TEMPO.CO, WASHINGTON:-- Amerika Serikat tetap memburu program nuklir Iran. Hal itu ditegaskan Presiden Barack Obama kemarin saat memperingatkan Iran bahwa Amerika akan menekan program yang disengketakan itu dengan "tak membuang opsi-opsi di atas meja". Tapi, dikatakan, pintu masih terbuka untuk perundingan buat suatu resolusi damai.
Dalam arahan pidato kenegaraan di depan Kongres, di Washington, DC, Obama mengatakan Teheran sudah terisolasi dan menghadapi sanksi-sanksi "keras" yang akan berlanjut sejauh Republik Islam itu tetap memunggungi komunitas internasional.
"Amerika bertekad mencegah Iran untuk mendapatkan sebuah senjata nuklir, dan saya tidak akan mengenyahkan opsi-opsi di atas meja untuk mencapai tujuan tersebut. Tapi suatu resolusi damai atas masalah ini masih mungkin, dan jauh lebih baik. Jika Iran mengubah kebijakan dan memenuhi kewajibannya, hal itu dapat menyatukan komunitas bangsa-bangsa," ucap dia.
Setelah menjabat pada 2009, Obama pecah kongsi dengan pendahulunya, George W. Bush, dari Partai Republik dan menawarkan satu "ranting zaitun" kepada Iran. Ia mengatakan ingin menjalani sebuah awal baru bersama negara yang dicap Bush sebagai bagian dari "poros setan" itu.
Namun tawaran negosiasi itu tidak menjadi hasil, dan ketegangan terus meningkat akibat program nuklir Iran. Teheran menyatakan program itu dibuat untuk keperluan energi dan negara-negara Barat yang takut dimaksudkan untuk membangun senjata nuklir. Program nuklir tersebut juga merupakan perhatian utama bagi Israel, yang tidak menepis suatu serangan unilateral terhadap situs-situs nuklir Iran.
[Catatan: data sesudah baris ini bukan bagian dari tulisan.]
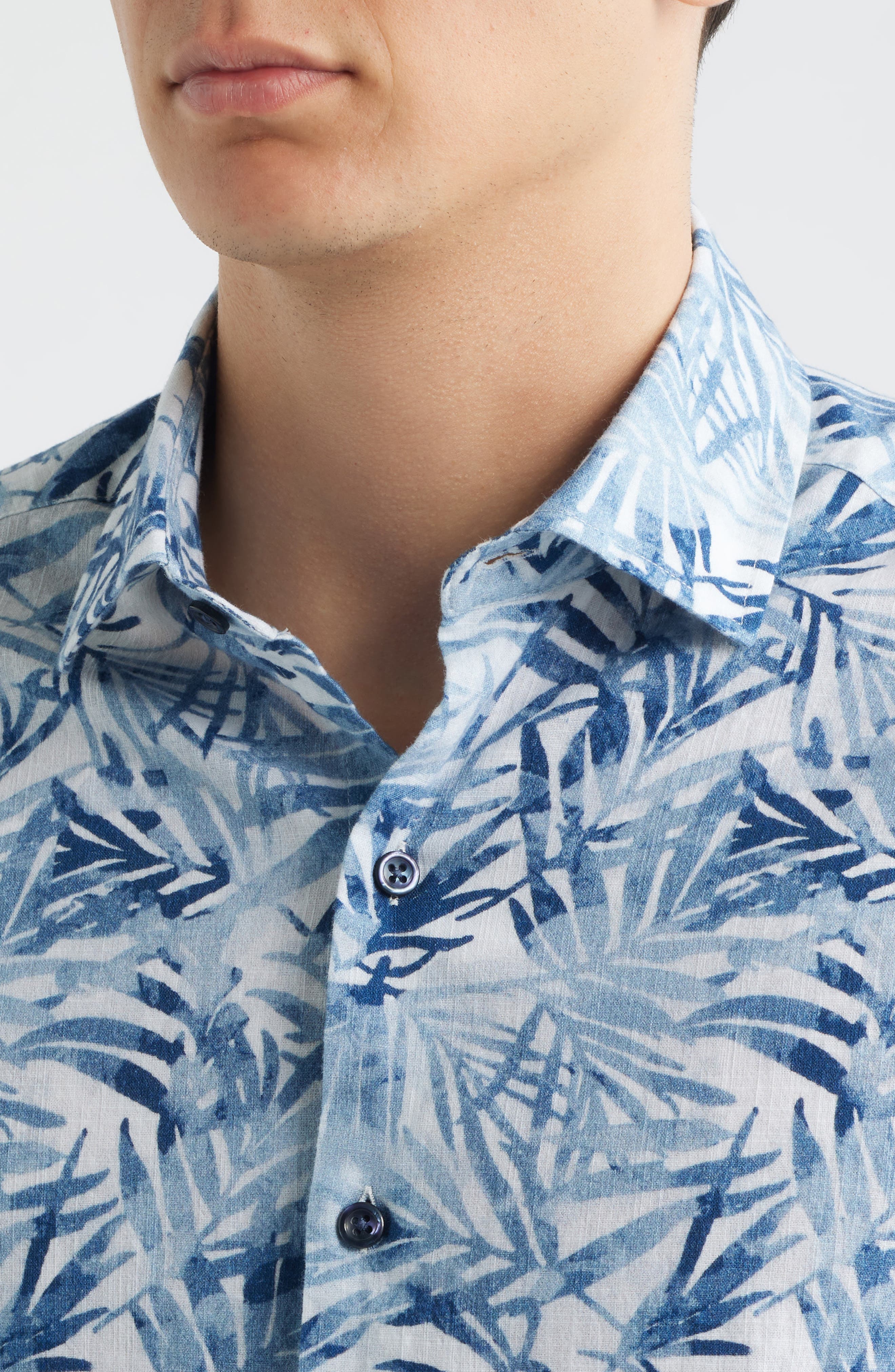 Keneth Leaf Print Short Sleeve Stretch Cotton Button-Up Shirt - image 2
Dari Teheran, seorang legislator senior Iran kemarin mengecam Barat karena mengembargo ekspor minyak Iran. Dia juga menyerukan pemerintah mengadopsi langkah-langkah pembalasan. Hal itu disampaikan anggota parlemen Komisi Kebijakan Asing dan Keamanan Nasional, Parviz Sorouri.
Dia menambahkan, Iran harus memfasilitasi hubungan ekonomi dan perdagangan dengan negara-negara lain, serta mengadopsi langkah pembalasan terhadap negara yang berperan dalam upaya anti-Iran.
Sorouri juga mengecam embargo minyak oleh Uni Eropa (EU) sebagai "perang psikologis". Pernyataan keras itu dilontarkan setelah Uni Eropa menggelar pertemuan tinggi pada Senin lalu, yang hasilnya pemberlakuan embargo impor minyak dari Iran.
Selasa lalu, Teheran memanggil Duta Besar Denmark di Teheran untuk memprotes keputusan Uni Eropa tersebut. Itu dilakukan karena Denmark saat ini mendapat giliran memegang kepresidenan Uni Eropa. "Ada kekuatan-kekuatan di EU yang sengaja menciptakan ketegangan dalam hubungan dengan Republik Islam Iran seiring dengan kebijakan-kebijakan Amerika Serikat dan mengadopsi pendekatan yang menyakitkan," ujar Deputi Menteri Luar Negeri Iran Ali Asqar Khaji dalam pertemuan tersebut.